Day Trips from Billings

Day Trips from Billings

The best excursions and trips you can do in a day

Yellowstone country starts 90 minutes from a city of 120,000, Billings. One minute you're ordering coffee under neon, the next you're at 11,000 feet with elk tracks in the snow. That's the crossroads Billings occupies: five different Montana landscapes within a two-hour radius, each demanding its own day trip. Alpine passes, a battlefield where history pivoted, 2,000-year-old rock paintings, the northern Rockies' most dramatic canyon, and the north gate of Yellowstone, it's all there. You leave town and an hour later you're decoding William Clark's 1806 signature carved into sandstone. Geography keeps punching. You'll need a car. Montana distances look tame on paper. They aren't. Roads are straight, scenery relentless, so you stop. A 70-mile dash becomes a three-hour photo safari. Fill the tank, rural Montana has a lot of space between gas stations. The drives, though, are half the payoff. History buffs head to Little Bighorn and Pompeys Pillar. Hikers aim for the Beartooth and Crazy Mountains. Families punch south to Yellowstone or east to Bighorn Canyon. Anyone craving a slower gear settles into Red Lodge. A handful of loops, like the 68-mile run to Pryor Mountain wild horses, can be knocked off in four hours if you're ruthless. The rest deserve eight to ten, plus a cooler of sandwiches.

Full-Day Trips

Worth dedicating a whole day to explore.

Little Bighorn Battlefield National Monument

$20 per vehicle entry fee; allow $30-50 total with snacks

The 1876 battle where Lakota, Northern Cheyenne, and Arapaho warriors crushed the 7th Cavalry still echoes across Montana's most haunted ground. Most visitors miss the Indian Memorial, added in 2003, yet the visitor center weaves these perspectives together with surprising skill. Walking Last Stand Hill, those white marble markers hit harder than any photograph. Quiet. Powerful. Memorable.

Distance
65 miles southeast
Travel Time
1 hour each way
Total Duration
6-8 hours
Transport
Drive. That's it. No bus, no train, no shuttle, Crow Agency sits 60 miles off any route that doesn't start with your own wheels. Point the car east on I-90, hold steady until exit 514, then roll the final stretch into Crow Agency. Public transit? Doesn't exist.
Last Stand Hill with the white marble grave markers Indian Memorial honoring the Native warriors who fought here Visitor center with artifacts and dual-perspective exhibits
Best for: History buffs, Native American culture seekers, anyone who's read about the American West, this is your territory.
Be there by 9am sharp in summer, before the tour buses roll in. The audio tour at the visitor center? Worth every dollar. This park is big, big enough that a little context turns a walk through a field into something that'll stay with you.

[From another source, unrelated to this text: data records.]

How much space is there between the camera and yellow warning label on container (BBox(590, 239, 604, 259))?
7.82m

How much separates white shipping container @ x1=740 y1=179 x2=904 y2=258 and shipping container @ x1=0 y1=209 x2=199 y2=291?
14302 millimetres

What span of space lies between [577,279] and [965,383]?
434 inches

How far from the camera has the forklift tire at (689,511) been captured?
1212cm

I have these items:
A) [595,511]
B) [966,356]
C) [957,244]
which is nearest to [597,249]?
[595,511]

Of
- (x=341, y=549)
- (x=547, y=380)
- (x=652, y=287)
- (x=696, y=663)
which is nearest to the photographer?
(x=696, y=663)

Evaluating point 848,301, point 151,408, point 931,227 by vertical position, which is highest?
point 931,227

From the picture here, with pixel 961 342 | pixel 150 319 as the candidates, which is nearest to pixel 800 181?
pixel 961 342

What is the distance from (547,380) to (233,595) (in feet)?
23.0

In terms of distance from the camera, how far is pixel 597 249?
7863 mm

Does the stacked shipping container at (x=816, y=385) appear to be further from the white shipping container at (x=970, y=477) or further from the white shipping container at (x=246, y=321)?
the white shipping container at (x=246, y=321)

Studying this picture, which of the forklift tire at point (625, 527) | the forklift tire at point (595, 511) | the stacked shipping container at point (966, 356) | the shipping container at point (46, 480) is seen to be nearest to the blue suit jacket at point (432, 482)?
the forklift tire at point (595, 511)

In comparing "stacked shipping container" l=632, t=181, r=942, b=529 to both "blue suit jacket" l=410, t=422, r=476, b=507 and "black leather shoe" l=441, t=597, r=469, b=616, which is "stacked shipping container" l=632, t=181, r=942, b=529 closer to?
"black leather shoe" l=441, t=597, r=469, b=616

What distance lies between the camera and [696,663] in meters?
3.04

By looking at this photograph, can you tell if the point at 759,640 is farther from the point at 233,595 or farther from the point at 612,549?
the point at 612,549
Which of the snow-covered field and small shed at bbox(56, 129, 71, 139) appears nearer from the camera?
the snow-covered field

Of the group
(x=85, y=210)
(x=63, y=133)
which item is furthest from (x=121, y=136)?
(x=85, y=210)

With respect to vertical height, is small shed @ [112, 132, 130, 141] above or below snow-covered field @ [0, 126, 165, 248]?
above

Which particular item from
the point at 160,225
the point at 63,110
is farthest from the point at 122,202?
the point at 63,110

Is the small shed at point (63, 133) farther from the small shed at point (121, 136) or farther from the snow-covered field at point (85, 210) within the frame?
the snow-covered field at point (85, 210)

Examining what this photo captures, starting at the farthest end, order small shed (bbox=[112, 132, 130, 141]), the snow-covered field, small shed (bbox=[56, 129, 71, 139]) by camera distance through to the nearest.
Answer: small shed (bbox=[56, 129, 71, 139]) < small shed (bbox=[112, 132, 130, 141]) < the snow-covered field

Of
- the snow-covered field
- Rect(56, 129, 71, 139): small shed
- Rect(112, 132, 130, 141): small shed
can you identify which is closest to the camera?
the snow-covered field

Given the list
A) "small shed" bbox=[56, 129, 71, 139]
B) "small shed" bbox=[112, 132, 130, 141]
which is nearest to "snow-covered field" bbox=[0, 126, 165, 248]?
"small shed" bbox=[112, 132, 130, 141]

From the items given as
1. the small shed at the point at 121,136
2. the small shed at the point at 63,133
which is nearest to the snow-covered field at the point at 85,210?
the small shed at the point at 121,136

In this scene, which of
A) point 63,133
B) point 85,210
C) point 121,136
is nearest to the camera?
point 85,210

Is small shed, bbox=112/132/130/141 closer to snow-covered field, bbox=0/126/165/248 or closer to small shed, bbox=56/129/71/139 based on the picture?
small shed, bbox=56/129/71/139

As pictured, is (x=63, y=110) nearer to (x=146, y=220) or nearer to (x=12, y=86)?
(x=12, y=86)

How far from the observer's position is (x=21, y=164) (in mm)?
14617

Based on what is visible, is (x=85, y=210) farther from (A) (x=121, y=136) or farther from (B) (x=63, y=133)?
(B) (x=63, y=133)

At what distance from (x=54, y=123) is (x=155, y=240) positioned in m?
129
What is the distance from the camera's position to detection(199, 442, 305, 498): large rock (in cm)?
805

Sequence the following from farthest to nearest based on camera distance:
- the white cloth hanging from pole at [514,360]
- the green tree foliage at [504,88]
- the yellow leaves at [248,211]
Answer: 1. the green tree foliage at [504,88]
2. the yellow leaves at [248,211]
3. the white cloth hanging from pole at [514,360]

Beartooth Highway & Red Lodge

$15-40 depending on where you eat in Red Lodge, skip the park entry fee for the highway itself.

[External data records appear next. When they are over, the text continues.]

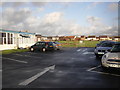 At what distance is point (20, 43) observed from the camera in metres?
30.1

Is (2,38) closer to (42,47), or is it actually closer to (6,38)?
(6,38)

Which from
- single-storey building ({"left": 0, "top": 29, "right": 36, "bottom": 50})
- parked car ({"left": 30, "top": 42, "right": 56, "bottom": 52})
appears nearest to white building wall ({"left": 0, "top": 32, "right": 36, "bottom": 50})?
single-storey building ({"left": 0, "top": 29, "right": 36, "bottom": 50})

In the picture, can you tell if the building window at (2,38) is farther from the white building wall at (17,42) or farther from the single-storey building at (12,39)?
the white building wall at (17,42)

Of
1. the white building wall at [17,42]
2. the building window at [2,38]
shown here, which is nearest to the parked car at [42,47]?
the white building wall at [17,42]

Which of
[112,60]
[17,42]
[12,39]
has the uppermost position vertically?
[12,39]

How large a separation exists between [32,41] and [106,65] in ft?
103

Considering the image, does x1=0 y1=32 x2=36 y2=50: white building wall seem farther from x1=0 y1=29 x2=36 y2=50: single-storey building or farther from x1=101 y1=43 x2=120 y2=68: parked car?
x1=101 y1=43 x2=120 y2=68: parked car

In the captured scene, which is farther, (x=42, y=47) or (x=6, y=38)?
(x=6, y=38)

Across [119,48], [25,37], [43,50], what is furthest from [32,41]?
[119,48]

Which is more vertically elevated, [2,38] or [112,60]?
[2,38]

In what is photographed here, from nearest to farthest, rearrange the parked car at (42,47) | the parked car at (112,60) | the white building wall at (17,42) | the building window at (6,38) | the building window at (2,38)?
the parked car at (112,60) < the parked car at (42,47) < the building window at (2,38) < the building window at (6,38) < the white building wall at (17,42)

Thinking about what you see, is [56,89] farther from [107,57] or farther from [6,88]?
[107,57]

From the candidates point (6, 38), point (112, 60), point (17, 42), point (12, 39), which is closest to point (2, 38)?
point (6, 38)

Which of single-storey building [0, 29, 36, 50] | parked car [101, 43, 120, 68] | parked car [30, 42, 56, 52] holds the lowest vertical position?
parked car [101, 43, 120, 68] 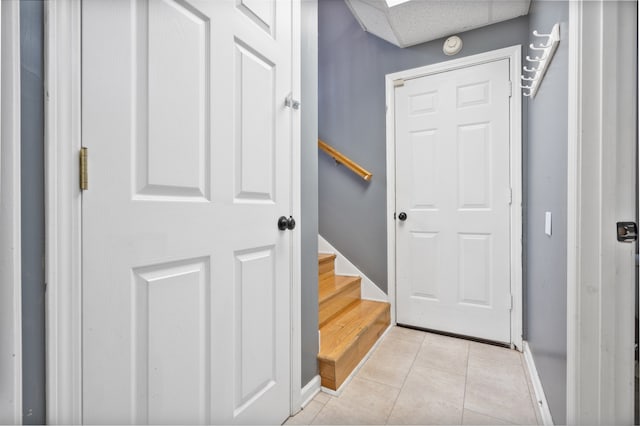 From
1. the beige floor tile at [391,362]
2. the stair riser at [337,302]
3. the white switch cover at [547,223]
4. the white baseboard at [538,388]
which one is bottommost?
the beige floor tile at [391,362]

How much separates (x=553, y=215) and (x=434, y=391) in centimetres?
104

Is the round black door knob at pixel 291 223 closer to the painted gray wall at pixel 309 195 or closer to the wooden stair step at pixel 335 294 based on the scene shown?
the painted gray wall at pixel 309 195

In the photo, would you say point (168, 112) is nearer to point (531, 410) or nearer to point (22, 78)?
point (22, 78)

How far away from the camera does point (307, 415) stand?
137cm

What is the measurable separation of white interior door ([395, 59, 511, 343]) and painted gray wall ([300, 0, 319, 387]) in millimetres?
1105

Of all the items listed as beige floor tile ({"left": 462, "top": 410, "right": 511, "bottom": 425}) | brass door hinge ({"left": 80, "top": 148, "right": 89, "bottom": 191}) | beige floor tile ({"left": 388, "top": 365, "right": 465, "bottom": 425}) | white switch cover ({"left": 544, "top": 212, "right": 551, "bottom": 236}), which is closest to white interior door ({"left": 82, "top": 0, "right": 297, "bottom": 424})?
brass door hinge ({"left": 80, "top": 148, "right": 89, "bottom": 191})

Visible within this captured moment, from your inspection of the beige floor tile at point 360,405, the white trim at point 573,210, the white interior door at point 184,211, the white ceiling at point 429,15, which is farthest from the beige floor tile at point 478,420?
the white ceiling at point 429,15

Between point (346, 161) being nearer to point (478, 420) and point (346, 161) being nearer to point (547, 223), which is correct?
point (547, 223)

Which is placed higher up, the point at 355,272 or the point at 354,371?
the point at 355,272

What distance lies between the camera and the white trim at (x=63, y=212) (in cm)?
62

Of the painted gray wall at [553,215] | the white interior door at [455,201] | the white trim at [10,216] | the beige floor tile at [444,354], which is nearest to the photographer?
the white trim at [10,216]

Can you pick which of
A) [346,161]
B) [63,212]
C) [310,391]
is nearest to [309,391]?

US-212 between Red Lodge and the Wyoming border punches straight to 10,947 feet and lands on every list of North America's most scenic drives, Charles Kuralt called it exactly that, and for once the man wasn't overselling. Red Lodge itself stays stubbornly intact, a mining town with decent restaurants and real frontier bones. Grab lunch in town, then hit the alpine switchbacks, one day, complete.

Distance
60 miles to Red Lodge; Beartooth Pass adds another 12 miles into Wyoming
Travel Time
1 hour to Red Lodge
Total Duration
8-10 hours
Transport
Car required, no exceptions. Point the hood southwest out of Billings on US-212 and keep going. The road is usually clear late May through mid-October; snow shuts it down the rest of the year.
Beartooth Pass at 10,947 feet with panoramic views over multiple states Top of the World area where you can walk among alpine wildflowers in July Red Lodge's historic downtown with the Carbon County Historical Museum
Best for: Scenic drive enthusiasts. Photographers. Hikers who want easy alpine access. Anyone visiting Montana for the first time.
45 minutes. That's all it takes from Red Lodge, if you don't rush. Bring a jacket. Always. The pass runs 30°F cooler than Billings weather, and afternoon thunderstorms crash in fast. Late June and July? Wildflower displays peak then.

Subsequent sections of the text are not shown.